**What needs to be done**: While you copy the lines below, skip the pictures and keep the rest exact.

**Dataset extract**:

*** Begin section ***

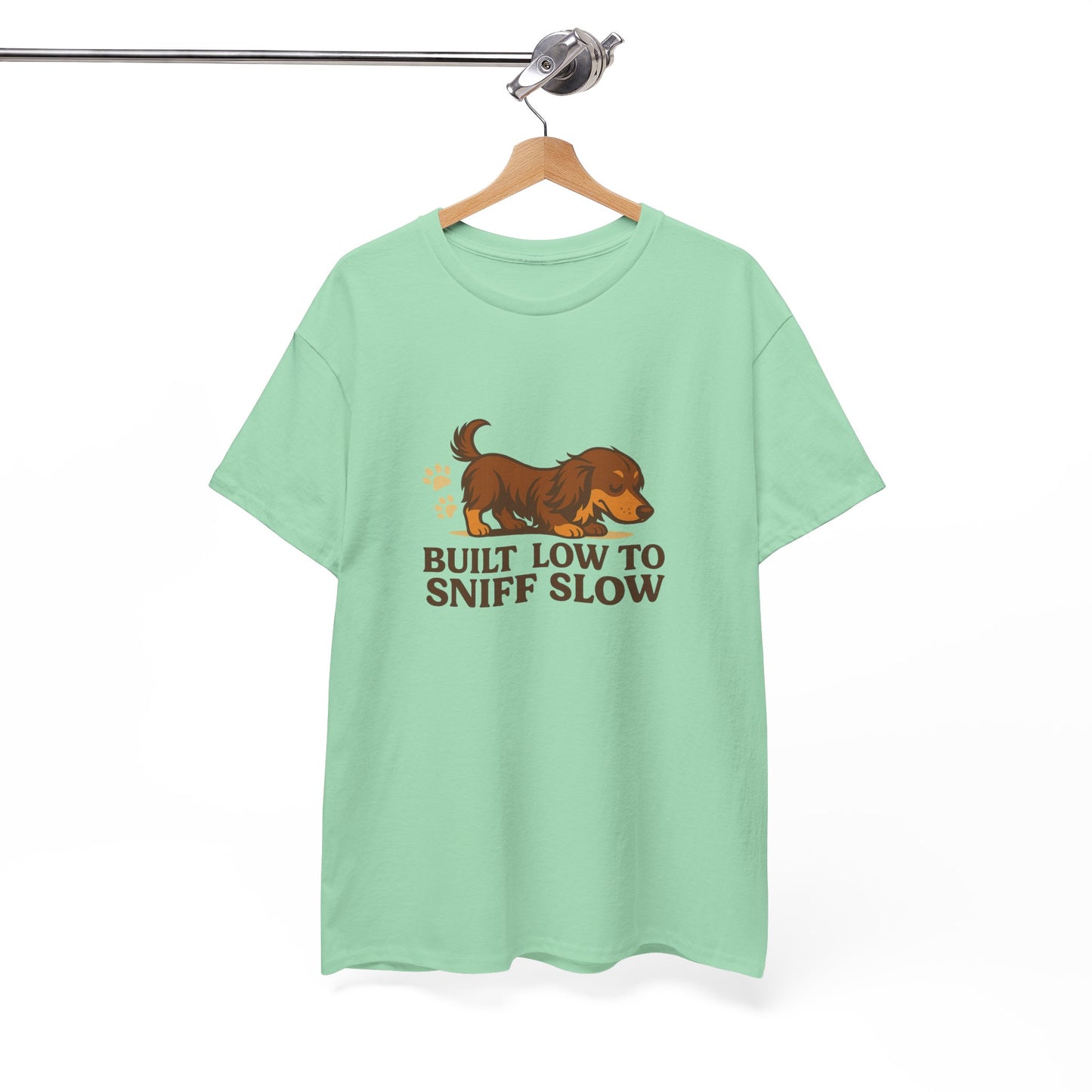 Built Low to Sniff Slow Unisex Heavy Cotton Tee - Cute Pet Shirt, Animal Tee, Dog Dad Apparel, Gift for Dog Owners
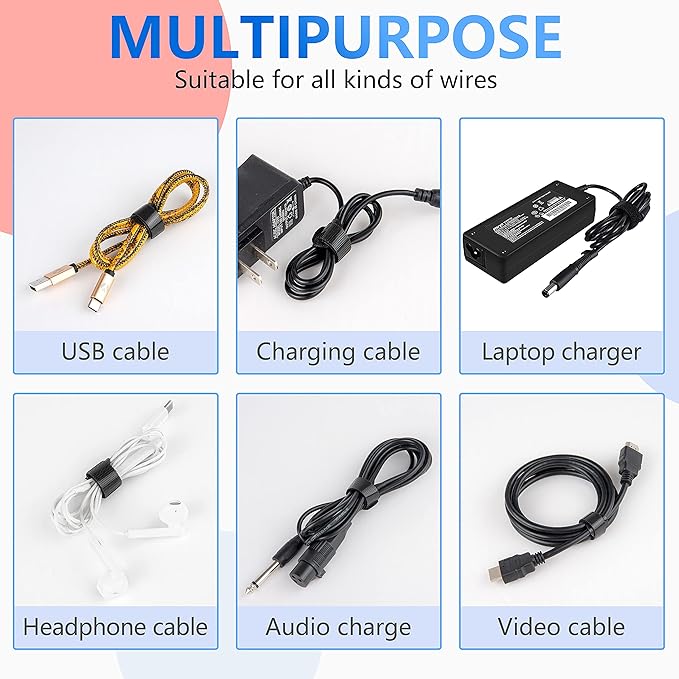 60x Cable Management Ties, Cord Wraps Black 6 Inches, Reusable Tidy Wire Ties for Cords, PC, TV, Computer & Desk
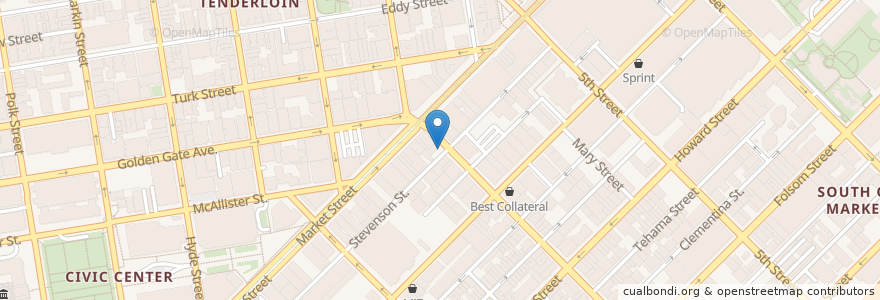 Mapa de ubicacion de Dottie's True Blue Cafe(ブランチ) en Estados Unidos De América, California, San Francisco, San Francisco.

*** End section ***

**Written response**:
 Built Low to Sniff Slow Unisex Heavy Cotton Tee - Cute Pet Shirt, Animal Tee, Dog Dad Apparel, Gift for Dog Owners
 60x Cable Management Ties, Cord Wraps Black 6 Inches, Reusable Tidy Wire Ties for Cords, PC, TV, Computer & Desk
 Mapa de ubicacion de Dottie's True Blue Cafe(ブランチ) en Estados Unidos De América, California, San Francisco, San Francisco.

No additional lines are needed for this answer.